EasyML
You can't do machine learning in Ruby.
Deploy models in minutes, not months.
What is EasyML?
EasyML is a low code/no code, end-to-end machine learning framework for Ruby on Rails.
Get productionized models in minutes. It takes the guesswork out of:
- Preprocessing data
- Storing and batch computing features
- Training models
- Metric visualization
- Deployment and versioning
- Evaluating model performance
With a dead-simple point-and-click interface, EasyML makes it stupid easy to train and deploy.
Oh yeah, and it's open source!
Features
- No Code (if you want): EasyML ships as a Rails engine. Just mount it in your app and get started.
- Opinionated Framework: Provides a structured approach to data and model management, ensuring best practices are followed.
- Model Lifecycle On Rails: Want predictions directly from your Rails app? You can do that.
- Easily Extensible: Want a model that's not supported? Send a pull request!
Current and Planned Features
Models Available
XGBoost | LightGBM | TensorFlow | PyTorch |
---|---|---|---|
✅ | ❌ | ❌ | ❌ |
Datasources Available
S3 | File | Polars | SQL Databases | REST APIs |
---|---|---|---|---|
✅ | ✅ | ✅ | ❌ | ❌ |
Note: Features marked with ❌ are part of the roadmap and are not yet implemented.
Quick Start:
Building a Production pipeline is as easy as 1,2,3!
1. Create Your Dataset
class MyDataset < EasyML::Data::Dataset
datasource :s3, s3_bucket: "my-bucket" # Every time the data changes, we'll pull new data
target "revenue" # What are we trying to predict?

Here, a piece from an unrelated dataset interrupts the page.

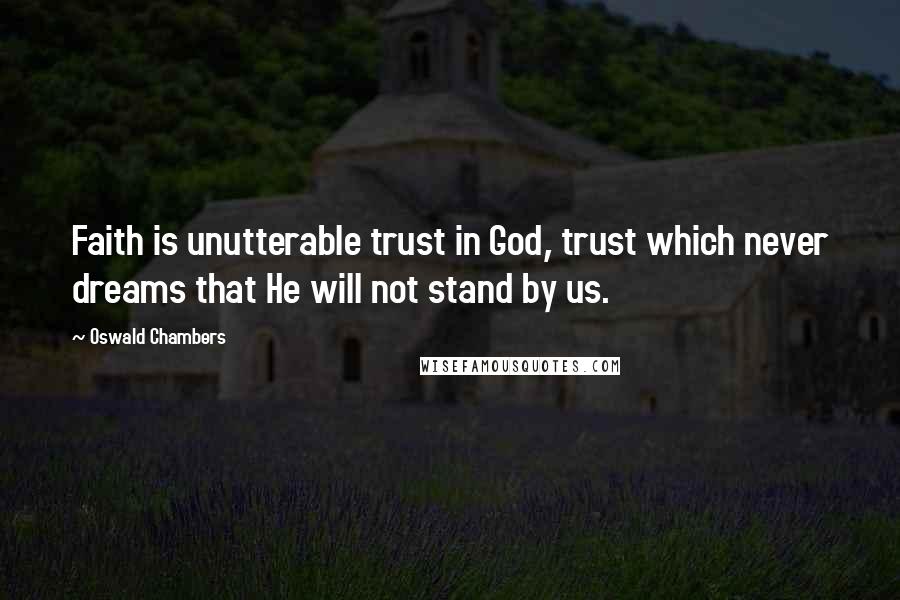 Oswald Chambers Quotes: Faith is unutterable trust in God, trust which never dreams that He will not stand by us.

splitter :date, date_column: "created_at" # How should we partition data into training, test, and validation datasets?
transforms DataPipeline # Class that manages data transformation, adding new columns, etc.
preprocessing_steps({
training: {
annual_revenue: { median: true, clip: { min: 0, max: 500_000 } }
}
}) # If annual revenue is missing, use the median value, after clipping the values into the approved list
end
2. Create a Model
class MyModel < EasyML::Models::XGBoost
dataset MyDataset
task :regression # Or classification
hyperparameters({
max_depth: 5,
learning_rate: 0.1,
objective: "reg:squarederror"
})
end
3. Create a Trainer
class MyTrainer < EasyML::Trainer
model MyModel
evaluator MyMetrics
end
class MyMetrics
def metric_we_make_money(y_pred, y_true)
return true if model_makes_money?
return false if model_lose_money?
end
def metric_sales_team_has_enough_leads(y_pred, y_true)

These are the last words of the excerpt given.